* _Data excerpt_
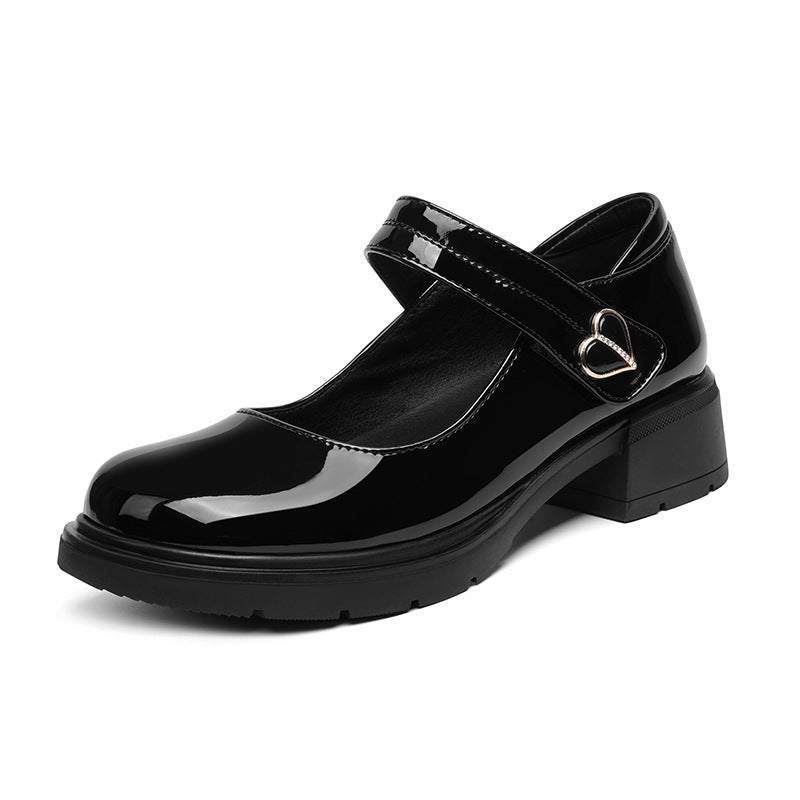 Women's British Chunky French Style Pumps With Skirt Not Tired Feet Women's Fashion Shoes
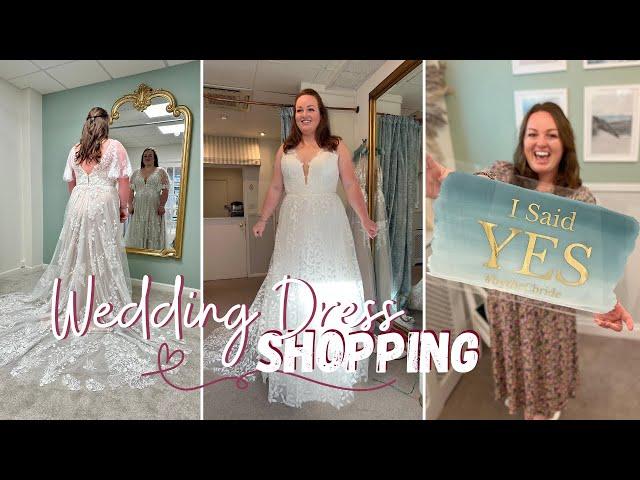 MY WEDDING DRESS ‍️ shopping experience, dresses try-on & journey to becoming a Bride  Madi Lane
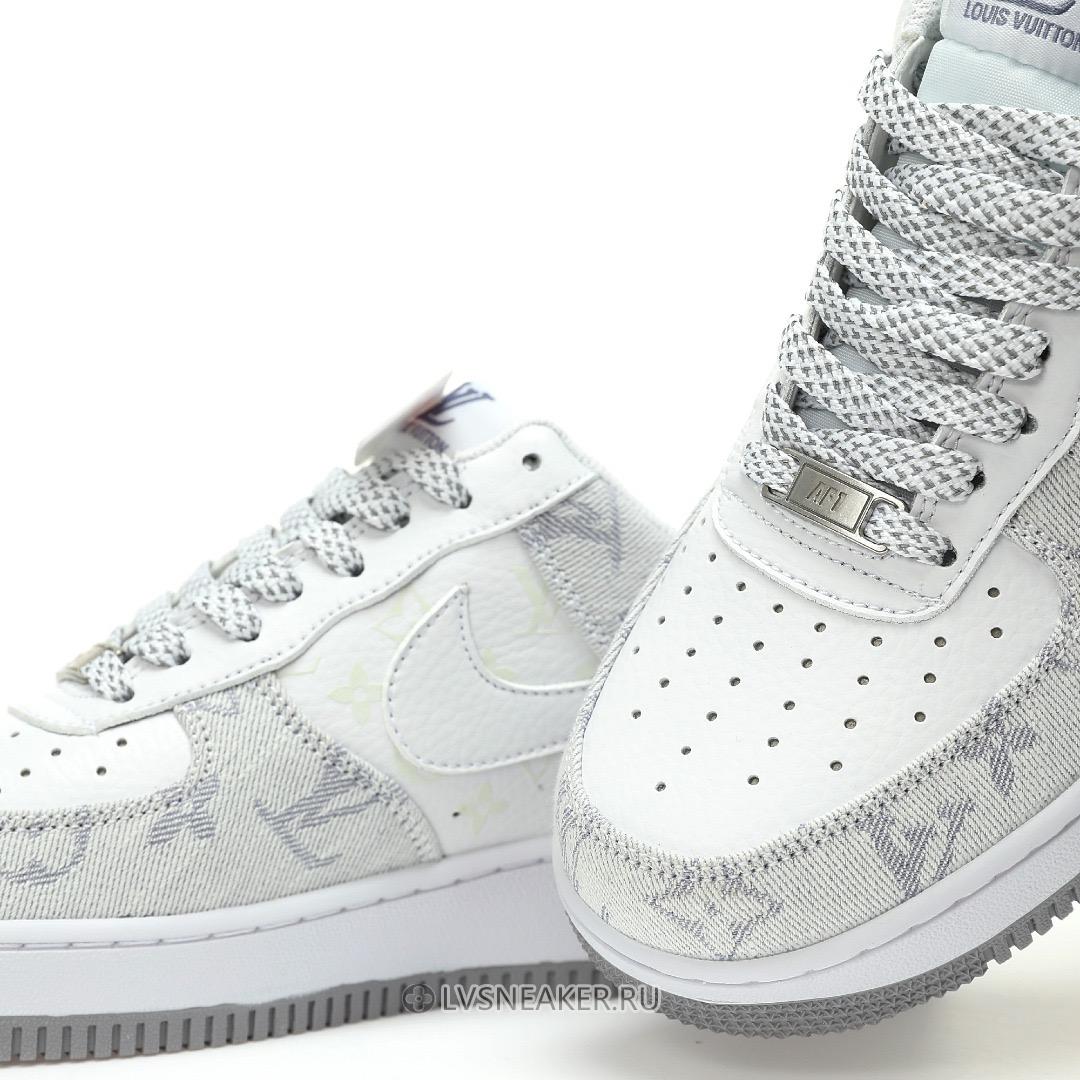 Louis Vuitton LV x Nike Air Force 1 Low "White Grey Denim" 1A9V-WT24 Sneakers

* _Task to carry out_
Using the listing above, set down exactly each line from the one containing "MY WEDDING DRESS" through the final line, and leave out pictures.

* _Solution for this exercise_
 MY WEDDING DRESS ‍️ shopping experience, dresses try-on & journey to becoming a Bride  Madi Lane
 Louis Vuitton LV x Nike Air Force 1 Low "White Grey Denim" 1A9V-WT24 Sneakers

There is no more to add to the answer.